Allison Moorer: an angelic concert experience

The Roxy, West Hollywood, Cal., Nov. 9, 2000

By Dan MacIntosh

WEST HOLLYWOOD, CA - In her simple top, blue jeans and sandals, Allison Moorer looked just like an unassuming high school student as she took the stage with her five-piece band. But from small things mamma, Bruce Springsteen once sang, big things one day come, and this petite flower sang like an assertive mamma tonight.

The deepness in Moorer's voice gives it an undeniable authority and implies more experience than any written resume could ever reveal. In her brief hour set, Moorer was still able to touch upon a variety of musical bases. "Send Down An Angel" floated with a dreamy quality, "Don't Have A Gun" burned with Southern rock feel and "No Next Time" ended with the kind of moodiness normally associated with alternative groups like Radiohead.
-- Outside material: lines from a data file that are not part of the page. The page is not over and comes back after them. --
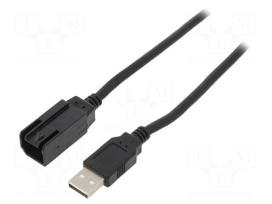 USB/AUX adapter | Alfa Romeo,Opel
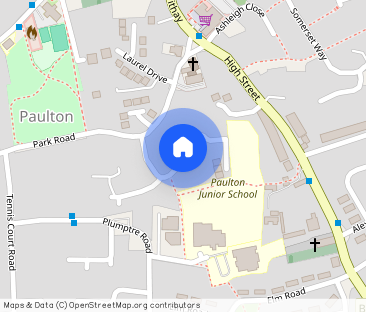 Ludwells Orchard, BS39 - Photo 1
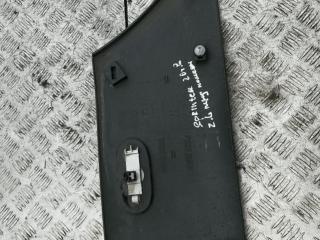 молдинг крыла Mercedes-Benz Sprinter W907/W910 2020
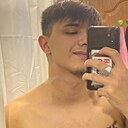 Знакомства: Дима, 25 лет, Самара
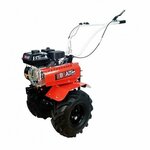 BRAIT Комплект колес 19*7-8 высокий протектор ёлка Брайт 2 шт - Изображение 2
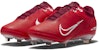 (W) Nike Hyperdiamond 4 Elite 'University Red' Merah Universiti. CZ5917-616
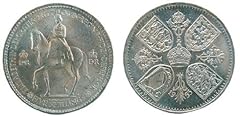 1953 uncirculated coronation for sale  Delivered anywhere in UK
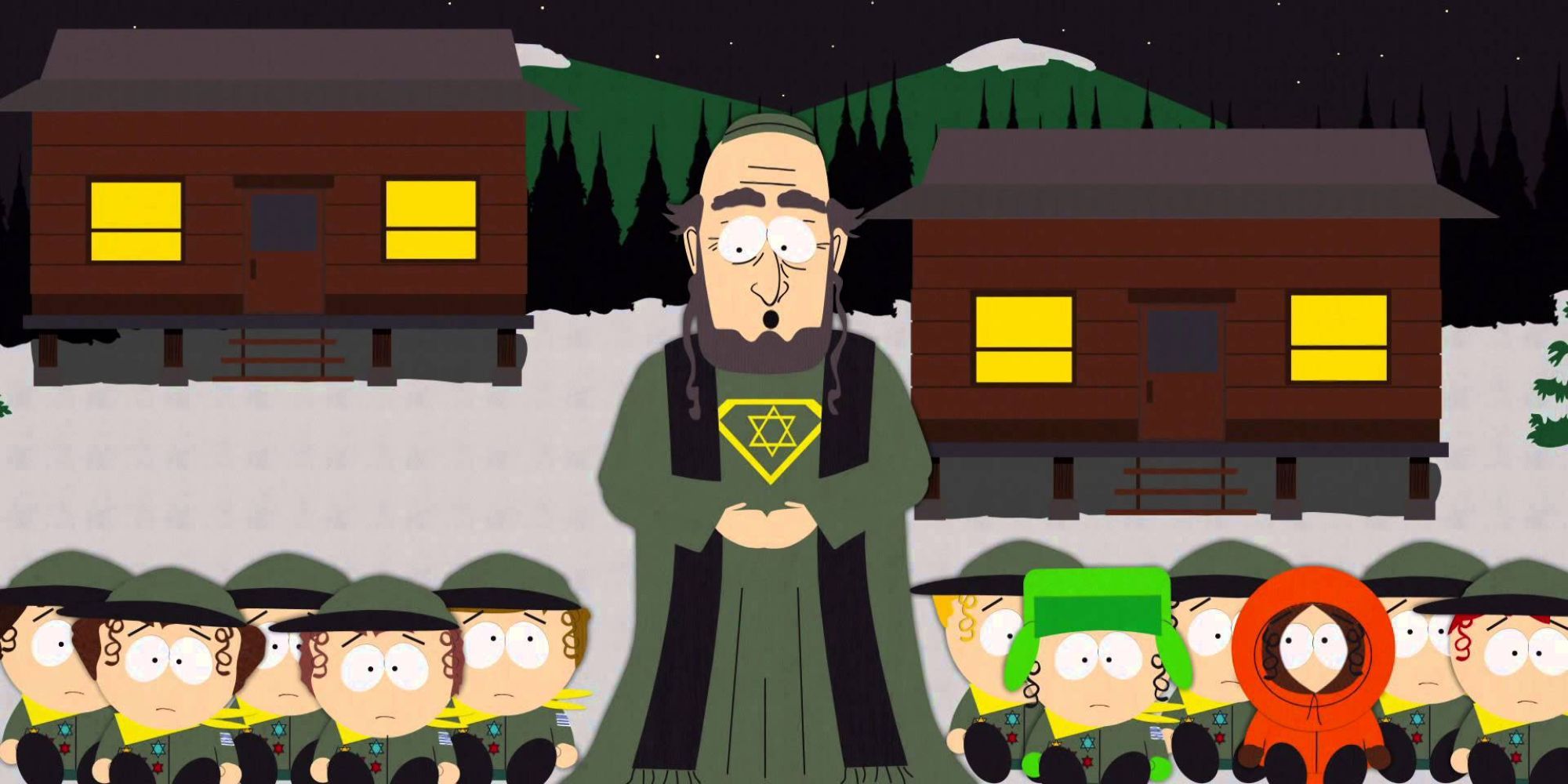 10 Best 'South Park' Episodes About Religion, Ranked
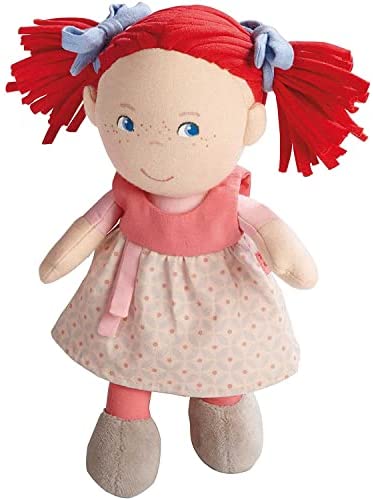 HABA Soft Doll Mirli 8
The evening's most touching moment came when Moorer was left alone on the stage with just her acoustic guitar to perform the autobiographical "Cold Cold Earth," which tells the tragic story about how her father murdered his wife, before taking his own life. This moment left a hush within the walls of this normally bustling club.

Moorer honored a request for some Willie Nelson by encoring on "Angel Flying Too Close to the Ground," with only two acoustic guitarists flanking her on each side. This was a fitting closure, since it is truly an angelic experience each time Moorer sings.

And just like angels from above, this beautiful creature has powers well beyond what her frail appearance might imply.